なんと、猫の町には、ほんとうに「鐘撞き台」があった。

猫の町のどこからでも見える、高い塔が海辺に立っていた。

「実はそこは猫たちの町だった。

日が暮れかけると、石橋を渡ってたくさんの猫たちが町にやってきた。

青年はその光景を目にして驚き、あわてて町の真ん中にある鐘撞き台に上り、そこに身を隠した。

夜が明け、猫たちがいなくなり、町が無人に戻ると、青年は下に降りて、ホテルのベッドに入って眠った。

そして、あたりが暗くなり始めると、再び鐘撞き台に上ってそこに身を潜め、夜明けが来るまで猫たちの行動を観察した」



「なんで千倉なんですかね。

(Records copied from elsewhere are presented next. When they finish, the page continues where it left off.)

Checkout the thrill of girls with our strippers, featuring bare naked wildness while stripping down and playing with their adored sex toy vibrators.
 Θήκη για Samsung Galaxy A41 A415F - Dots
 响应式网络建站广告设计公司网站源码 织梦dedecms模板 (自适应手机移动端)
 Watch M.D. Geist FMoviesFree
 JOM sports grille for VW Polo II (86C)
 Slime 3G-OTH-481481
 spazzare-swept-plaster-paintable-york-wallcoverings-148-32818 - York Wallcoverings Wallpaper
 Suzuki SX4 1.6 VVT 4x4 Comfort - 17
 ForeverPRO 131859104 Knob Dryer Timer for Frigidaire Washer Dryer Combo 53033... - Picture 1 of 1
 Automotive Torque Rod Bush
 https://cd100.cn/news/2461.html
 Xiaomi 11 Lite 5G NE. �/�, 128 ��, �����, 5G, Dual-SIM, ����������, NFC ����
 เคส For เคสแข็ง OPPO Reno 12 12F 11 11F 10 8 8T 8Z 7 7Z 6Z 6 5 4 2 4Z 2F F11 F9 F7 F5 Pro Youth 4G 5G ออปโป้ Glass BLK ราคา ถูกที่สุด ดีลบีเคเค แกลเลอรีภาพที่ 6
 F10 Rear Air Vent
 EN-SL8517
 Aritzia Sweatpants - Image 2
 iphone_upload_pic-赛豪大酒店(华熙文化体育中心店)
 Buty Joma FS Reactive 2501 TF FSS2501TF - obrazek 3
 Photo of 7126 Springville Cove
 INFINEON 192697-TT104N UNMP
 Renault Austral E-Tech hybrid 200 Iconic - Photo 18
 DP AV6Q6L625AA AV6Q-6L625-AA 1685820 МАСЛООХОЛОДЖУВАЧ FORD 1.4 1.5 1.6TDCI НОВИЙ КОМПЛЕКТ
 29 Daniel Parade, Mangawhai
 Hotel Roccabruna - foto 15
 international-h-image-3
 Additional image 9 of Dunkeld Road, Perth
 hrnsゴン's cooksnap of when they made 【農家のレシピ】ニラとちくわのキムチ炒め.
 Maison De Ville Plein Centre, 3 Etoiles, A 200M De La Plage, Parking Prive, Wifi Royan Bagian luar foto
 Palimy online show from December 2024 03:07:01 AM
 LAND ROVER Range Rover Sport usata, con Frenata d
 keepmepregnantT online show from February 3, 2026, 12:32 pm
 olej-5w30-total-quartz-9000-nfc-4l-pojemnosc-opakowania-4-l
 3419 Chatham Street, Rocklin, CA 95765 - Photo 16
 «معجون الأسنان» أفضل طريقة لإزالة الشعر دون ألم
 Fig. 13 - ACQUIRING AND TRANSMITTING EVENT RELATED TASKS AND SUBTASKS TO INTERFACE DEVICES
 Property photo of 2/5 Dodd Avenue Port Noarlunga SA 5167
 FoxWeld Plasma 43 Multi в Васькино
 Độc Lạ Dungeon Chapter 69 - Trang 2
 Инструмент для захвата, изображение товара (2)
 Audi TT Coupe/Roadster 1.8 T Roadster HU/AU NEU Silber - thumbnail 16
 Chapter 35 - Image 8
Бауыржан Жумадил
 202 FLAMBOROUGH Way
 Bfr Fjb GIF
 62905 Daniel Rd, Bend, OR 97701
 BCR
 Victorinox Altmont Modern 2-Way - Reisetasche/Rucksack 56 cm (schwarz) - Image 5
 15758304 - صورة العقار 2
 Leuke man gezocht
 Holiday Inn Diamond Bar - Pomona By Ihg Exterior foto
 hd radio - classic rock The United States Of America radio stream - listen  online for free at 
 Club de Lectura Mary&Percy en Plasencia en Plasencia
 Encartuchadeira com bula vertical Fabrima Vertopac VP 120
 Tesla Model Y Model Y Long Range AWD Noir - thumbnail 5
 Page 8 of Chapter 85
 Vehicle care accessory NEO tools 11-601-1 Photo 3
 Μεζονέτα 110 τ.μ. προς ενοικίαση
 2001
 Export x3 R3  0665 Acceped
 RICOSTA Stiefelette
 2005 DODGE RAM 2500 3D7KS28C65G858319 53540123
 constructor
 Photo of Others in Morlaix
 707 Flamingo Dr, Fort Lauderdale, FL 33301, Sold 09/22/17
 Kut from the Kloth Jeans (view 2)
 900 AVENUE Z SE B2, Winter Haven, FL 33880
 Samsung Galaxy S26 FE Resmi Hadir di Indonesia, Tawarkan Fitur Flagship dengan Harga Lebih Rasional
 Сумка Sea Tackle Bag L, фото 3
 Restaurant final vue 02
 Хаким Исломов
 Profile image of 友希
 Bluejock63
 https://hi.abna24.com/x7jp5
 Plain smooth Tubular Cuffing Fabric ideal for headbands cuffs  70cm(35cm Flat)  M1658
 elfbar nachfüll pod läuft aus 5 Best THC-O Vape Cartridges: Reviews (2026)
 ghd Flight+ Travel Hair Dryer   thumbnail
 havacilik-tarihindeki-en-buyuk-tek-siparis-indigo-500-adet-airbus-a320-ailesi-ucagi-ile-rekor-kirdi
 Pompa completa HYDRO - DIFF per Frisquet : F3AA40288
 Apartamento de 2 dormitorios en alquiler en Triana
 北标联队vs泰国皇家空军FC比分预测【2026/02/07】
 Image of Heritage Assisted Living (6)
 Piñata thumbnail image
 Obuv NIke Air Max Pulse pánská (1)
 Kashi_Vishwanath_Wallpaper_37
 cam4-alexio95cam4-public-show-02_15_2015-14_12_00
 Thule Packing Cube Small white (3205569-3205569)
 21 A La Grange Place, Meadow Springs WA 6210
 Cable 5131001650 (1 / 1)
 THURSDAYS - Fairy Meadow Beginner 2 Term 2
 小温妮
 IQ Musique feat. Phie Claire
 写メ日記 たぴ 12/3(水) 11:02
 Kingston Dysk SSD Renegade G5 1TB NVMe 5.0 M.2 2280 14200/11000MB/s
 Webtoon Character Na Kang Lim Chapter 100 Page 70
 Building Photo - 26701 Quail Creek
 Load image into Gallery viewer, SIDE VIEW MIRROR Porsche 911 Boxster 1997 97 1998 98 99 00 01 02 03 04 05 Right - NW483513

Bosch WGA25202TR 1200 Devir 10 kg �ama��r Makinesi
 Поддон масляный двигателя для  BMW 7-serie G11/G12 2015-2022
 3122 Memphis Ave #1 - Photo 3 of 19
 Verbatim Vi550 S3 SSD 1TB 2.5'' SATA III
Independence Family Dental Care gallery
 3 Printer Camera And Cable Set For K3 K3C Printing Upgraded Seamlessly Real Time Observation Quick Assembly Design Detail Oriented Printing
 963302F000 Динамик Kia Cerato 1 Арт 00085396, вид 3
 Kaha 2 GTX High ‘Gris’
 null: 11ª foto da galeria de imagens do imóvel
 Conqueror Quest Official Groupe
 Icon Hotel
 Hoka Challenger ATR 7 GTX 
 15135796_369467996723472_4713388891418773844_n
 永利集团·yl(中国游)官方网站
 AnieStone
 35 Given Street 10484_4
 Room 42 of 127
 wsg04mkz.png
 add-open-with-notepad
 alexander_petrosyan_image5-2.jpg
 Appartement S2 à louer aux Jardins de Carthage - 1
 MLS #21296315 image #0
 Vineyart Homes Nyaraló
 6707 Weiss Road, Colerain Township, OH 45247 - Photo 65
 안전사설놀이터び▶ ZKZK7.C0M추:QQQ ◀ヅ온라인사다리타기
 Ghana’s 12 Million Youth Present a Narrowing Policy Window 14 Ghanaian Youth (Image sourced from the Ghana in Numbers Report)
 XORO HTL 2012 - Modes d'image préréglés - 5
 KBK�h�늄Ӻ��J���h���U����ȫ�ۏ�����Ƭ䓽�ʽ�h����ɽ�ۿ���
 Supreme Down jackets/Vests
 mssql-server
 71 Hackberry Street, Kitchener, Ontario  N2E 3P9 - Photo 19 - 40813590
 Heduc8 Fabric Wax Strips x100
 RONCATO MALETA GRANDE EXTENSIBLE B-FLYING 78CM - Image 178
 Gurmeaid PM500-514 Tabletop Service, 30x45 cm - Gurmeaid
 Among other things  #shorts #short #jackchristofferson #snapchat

ここ、いかにも日本のすたれた漁港だけどね」

彼は鐘撞き台を見ながら言った。

彼は、千倉の町で、猫の町のイメージ探しを手伝ってもらったタクシーの運転手だ。


彼は、小説「1Q84」は知らなかったが、千倉に精神病の療養所が多い話をしてくれた。

コロナで商売はあがったりですよ、と嘆き、
海水浴客のいないこの季節の珍客に対して、口が軽かった。

「そうやって小説に登場する土地をめぐるって、なんていうか高尚な趣味だよね。おたくも物書きなの?」

これが物書きの仕事なのかはわからないけど、言われてみればコロナの外出規制のなか、自分の興味のままに特急にまで乗って、こんな遠くまで来て、気ままに写真を撮ったりしているのは、自分でも、そりゃ自由だと思った。

だけど、注意しろ!


ここは猫の町だ


ここは失われるべき場所であり、この世ではない場所だ。

現に僕も、コロナの外出規制にもかかわらず、興味本位で猫の町に来て、ここを探究する欲望に逆らえないでいるではないか。

タクシーを好きなところに停めて、写真を撮りながら、猫の町のいろんなところを見てまわっている、

この行為の裏には意味があるはずだ。